When news broke that a new version of Friday the 13th would be issuing forth from the bowels of the Hollywood studio machinery, I was not terribly distressed. Whatever they want to call it -- remake, sequel, or reboot -- the franchise had been soundly broken and thoroughly devalued for many years. I mean, c'mon: Jason on a boat? Jason in space? Freddy vs. Jason? Talk about flogging a dead horse ... So what's the harm in yet another cynical cash and dash enterprise? Like that would be anything new?
And then I took another look at the original and was surprised at how well it holds up.

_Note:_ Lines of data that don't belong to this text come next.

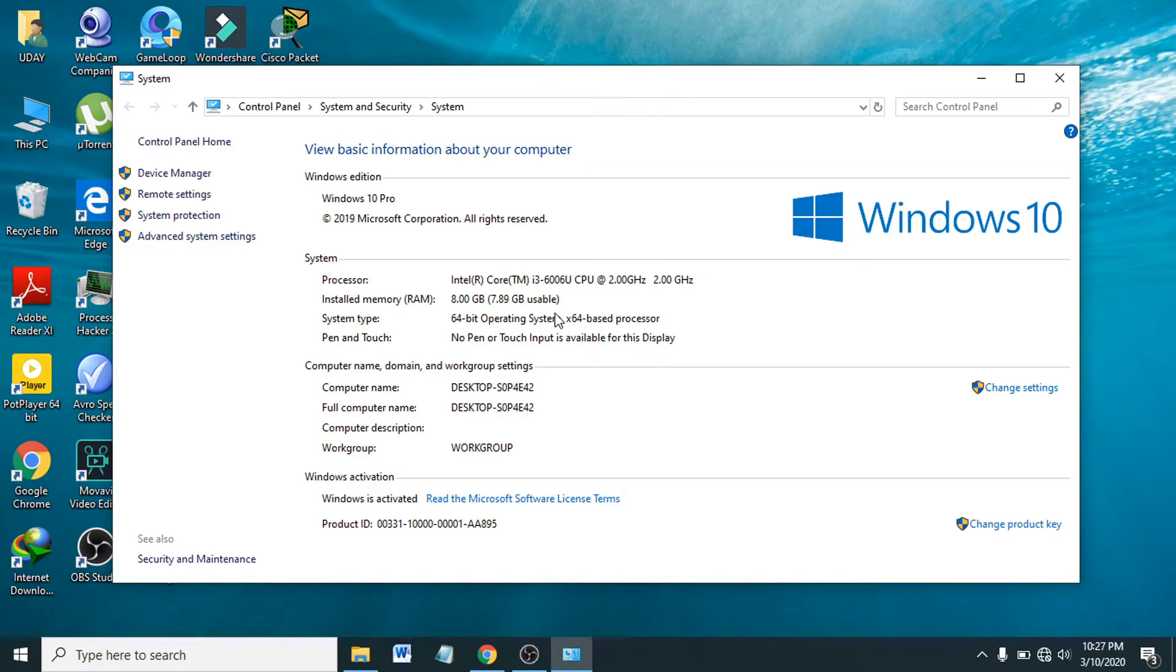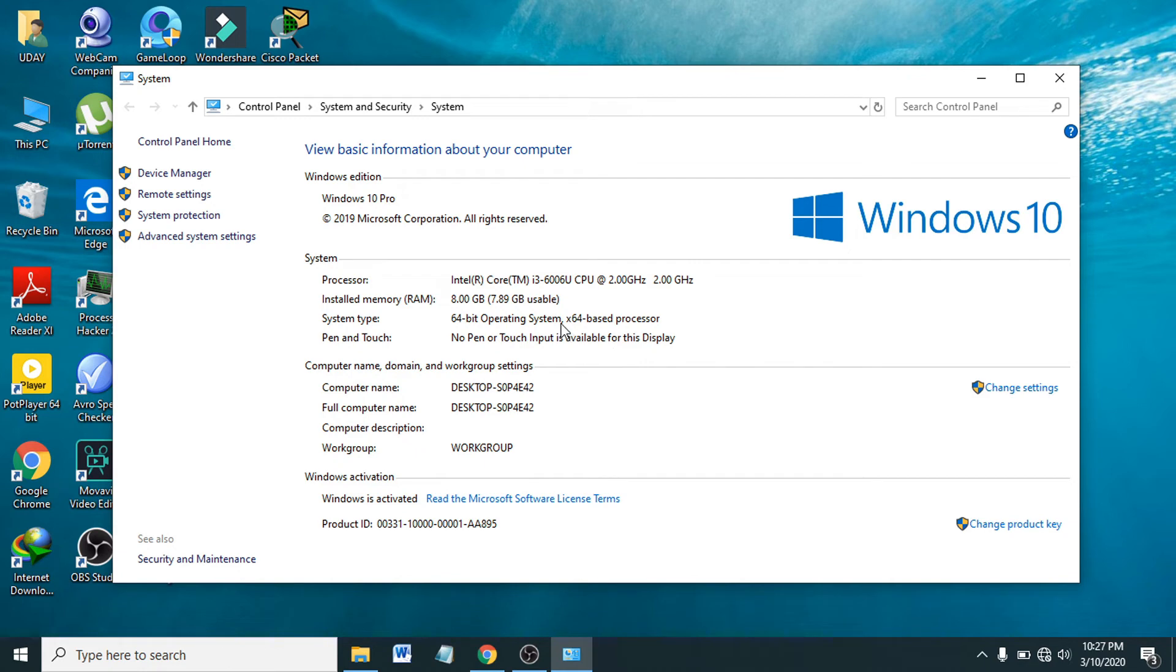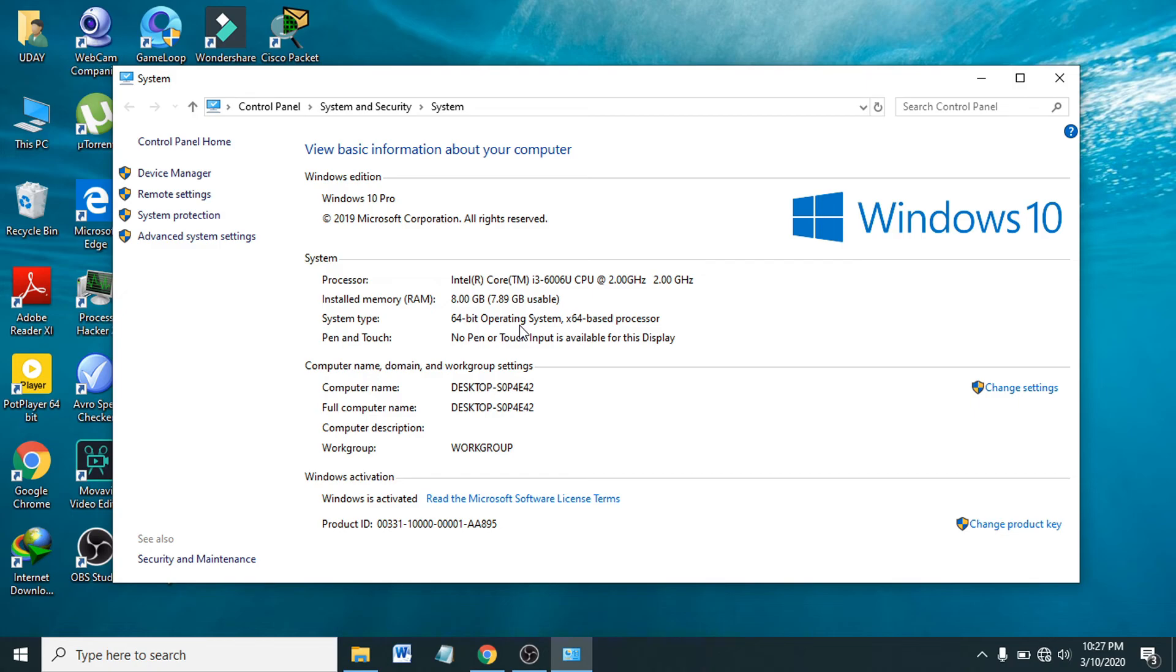This is how you find your computer operating system bit, and also you can see the processor, installed memory, and of course 64-bit operating system is better than 32-bit operating system. Subscribe to my channel if you find this video helpful.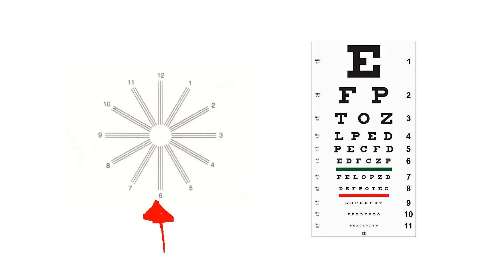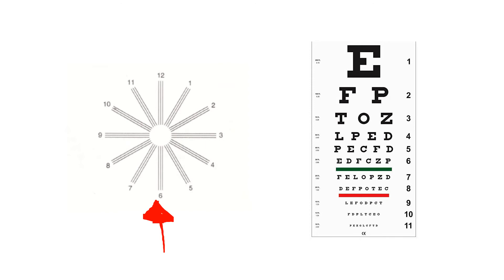Typically you would stand some number of feet away from this chart and you would cover one eye. The reason you would cover one eye is because if one eye has an astigmatism and the other does not, what can end up happening is that the good eye can sort of cover up for the bad eye. So there are people who may have astigmatism and would not know until they actually covered one eye.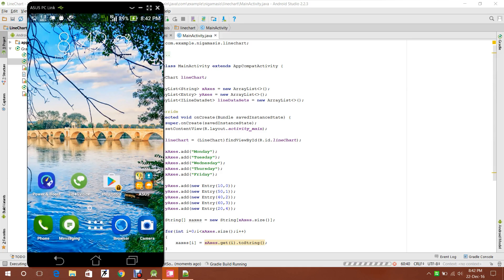If you have any doubt, comment below. You can find the source code of the line chart at beginner2pro.in. You can also comment there with your suggestions.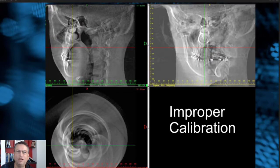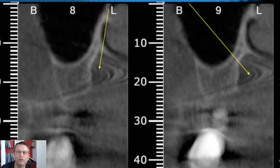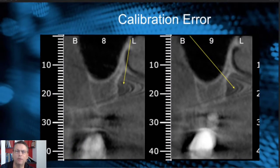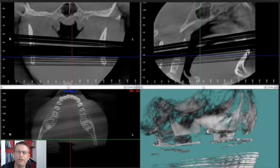I get to see cone beam CTs from all over the country, even over the world, and often I get cases that have improper calibration — such as this grossly poor calibration where a head positioner was used in the scan. Sometimes there are minor, subtle calibration issues that we don't really pick up. We get these little waves in the scan, and that's where calibration errors can come in and really affect the quality of what we're doing.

Maybe it's because I haven't watched Sean S. Cunningham's film all the way through for many years, so many that I can't honestly recall the last time. I have vivid memories of my first viewing, weeks (or maybe months) after it opened, on the front end of a budget double feature at a second-run theater in the San Fernando Valley playing with, of all things, Apocalypse Now. Then as now, I tend to flinch and shield my eyes at explicit gore shots; still, all the kill scenes left deep impressions on my psyche. I would have been happier if they had played the strip monopoly game through to completion; I developed a crush on Adrienne King; and I couldn't get over seeing Bing Crosby's son Harry Crosby in a disreputable horror movie. (Kevin Bacon didn't register as anything more than a pretty boy.) What I saw of the gore shots were scarily gross in 1980 -- as in, how the heck did they do that? And the "reveal" of the killer's identity: wow.